HUMAN VULNERABILITY IN THE CONTEXT OF CONTEMPORARY WAR AND THE CRISIS OF NORMATIVE ORDER
DOI:
https://doi.org/10.18372/2412-2157.1.21240Keywords:
vulnerability, war, insecurity, precarization, normative order, social philosophy, international law, human rights, neoliberalism, crisis of protectionAbstract
Introduction. The article examines human vulnerability in the context of contemporary war and the crisis of normative order from a socio-philosophical perspective. Particular attention is given to how war not only produces new threats but also intensifies pre-existing forms of socially conditioned insecurity. The aim and tasks. The aim of the study is to clarify the socio-philosophical meaning of human vulnerability under contemporary wartime conditions. The tasks are to analyse vulnerability as an anthropological condition of human existence, to reveal its connection with socially produced insecurity and precarity, and to determine its significance for understanding the crisis of normative order. Research methods. The study employs socio-philosophical, critical-hermeneutic, and normative-analytical approaches.

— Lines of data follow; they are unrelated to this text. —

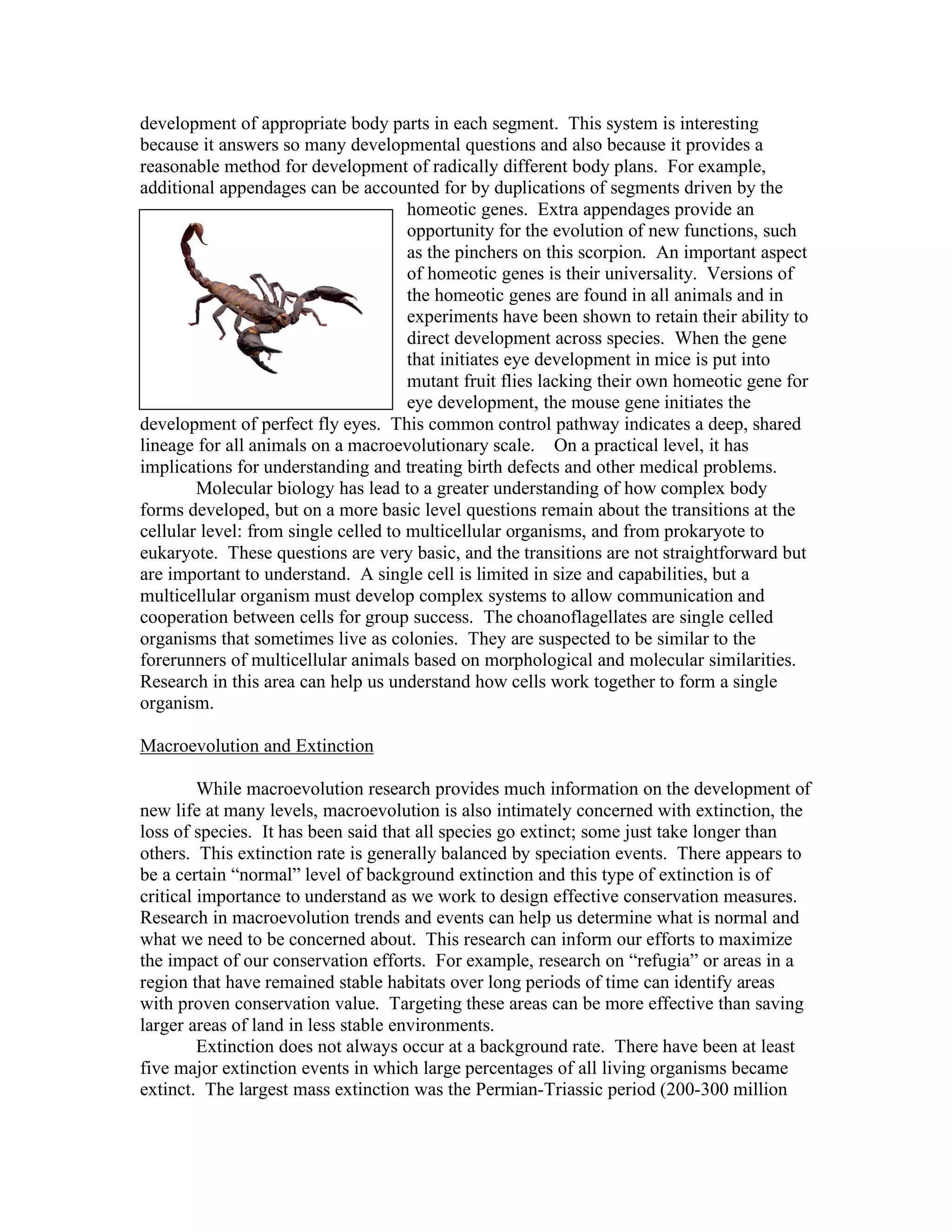 development of appropriate body parts in each segment. This system is interesting
because it answers so many developmental questions and also because it provides a
reasonable method for development of radically different body plans. For example,
additional appendages can be accounted for by duplications of segments driven by the
homeotic genes. Extra appendages provide an
opportunity for the evolution of new functions, such
as the pinchers on this scorpion. An important aspect
of homeotic genes is their universality. Versions of
the homeotic genes are found in all animals and in
experiments have been shown to retain their ability to
direct development across species. When the gene
that initiates eye development in mice is put into
mutant fruit flies lacking their own homeotic gene for
eye development, the mouse gene initiates the
development of perfect fly eyes. This common control pathway indicates a deep, shared
lineage for all animals on a macroevolutionary scale. On a practical level, it has
implications for understanding and treating birth defects and other medical problems.
Molecular biology has lead to a greater understanding of how complex body
forms developed, but on a more basic level questions remain about the transitions at the
cellular level: from single celled to multicellular organisms, and from prokaryote to
eukaryote. These questions are very basic, and the transitions are not straightforward but
are important to understand. A single cell is limited in size and capabilities, but a
multicellular organism must develop complex systems to allow communication and
cooperation between cells for group success. The choanoflagellates are single celled
organisms that sometimes live as colonies. They are suspected to be similar to the
forerunners of multicellular animals based on morphological and molecular similarities.
Research in this area can help us understand how cells work together to form a single
organism.
Macroevolution and Extinction
While macroevolution research provides much information on the development of
new life at many levels, macroevolution is also intimately concerned with extinction, the
loss of species. It has been said that all species go extinct; some just take longer than
others. This extinction rate is generally balanced by speciation events. There appears to
be a certain “normal” level of background extinction and this type of extinction is of
critical importance to understand as we work to design effective conservation measures.
Research in macroevolution trends and events can help us determine what is normal and
what we need to be concerned about. This research can inform our efforts to maximize
the impact of our conservation efforts. For example, research on “refugia” or areas in a
region that have remained stable habitats over long periods of time can identify areas
with proven conservation value. Targeting these areas can be more effective than saving
larger areas of land in less stable environments.
Extinction does not always occur at a background rate. There have been at least
five major extinction events in which large percentages of all living organisms became
extinct. The largest mass extinction was the Permian-Triassic period (200-300 million
 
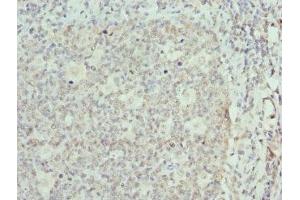 Immunohistochemistry of paraffin-embedded human tonsil tissue using ABIN7152086 at dilution of 1:100 (ELF1 antibody  (AA 1-210))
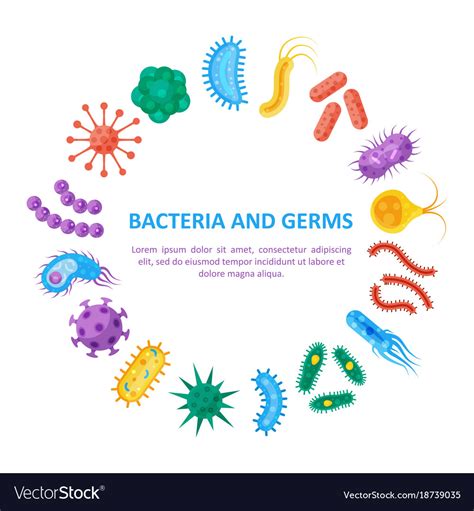 Bacteria And Germs Round Set Royalty Free Vector Image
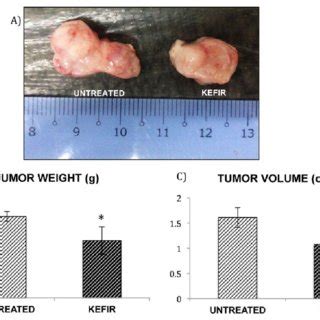 Tumor size, weight (g) and volume (cm 3 ), obtained from 4T1 ...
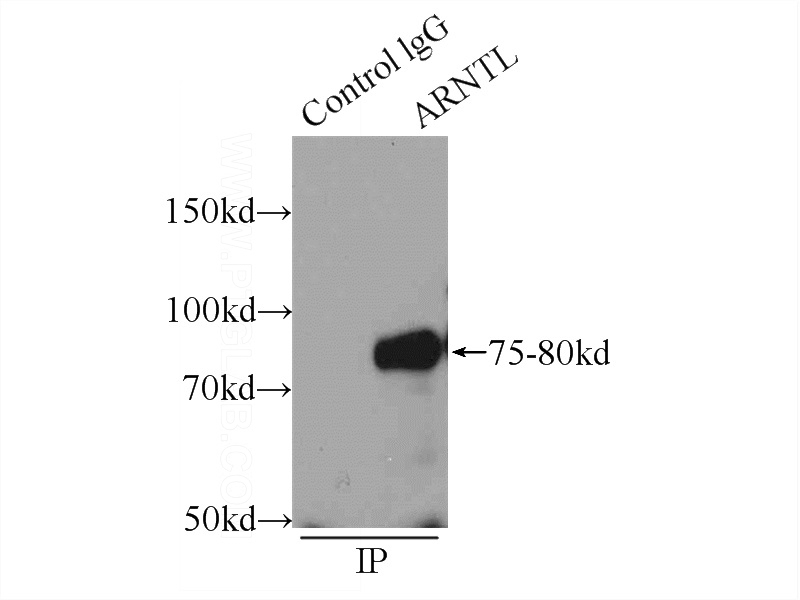 IP Result of anti-ARNTL (IP:Catalog No:108160, 4ug; Detection:Catalog No:108160 1:300) with HeLa cells lysate 1600ug.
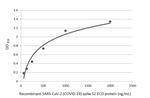 SARS-CoV-2 Spike Protein S2/S2' (strain Wuhan-Hu-1) Antibody in ELISA (ELISA)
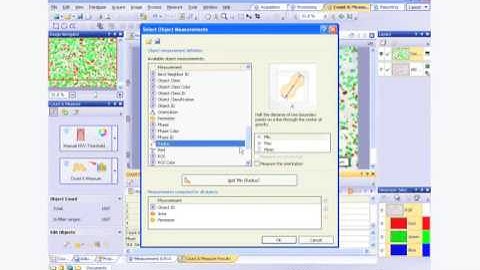 cellSens   object detection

These methods make it possible to interpret vulnerability through the categories of dependence, freedom, recognition, insecurity, institutional protection, and to relate the lived experience of vulnerability to the limits of legal and political normativity. Research results. It is shown that vulnerability should be understood both as a universal condition of embodied and dependent human existence and as unevenly distributed across social contexts. The analysis distinguishes between precarity as an unevenly distributed condition of insecurity and precarization as the socio-historical process through which such insecurity is produced and normalized. War is interpreted as a factor that radicalizes already existing insecurity and exposes the gap between the formal language of rights and the actual selectivity of protection. Discussion. The analysis demonstrates that vulnerability cannot be reduced either to abstract human fragility or to the immediate consequences of military violence alone. Its heuristic value lies in connecting anthropological dependence, social precarity, and the asymmetrical functioning of contemporary normative institutions. Conclusions. The article concludes that human vulnerability in wartime reveals the contradiction between universalist claims of protection and their unequal implementation. In this sense, vulnerability becomes an important analytical category for understanding the crisis of normative order and the conditions of protecting human life in present-day society.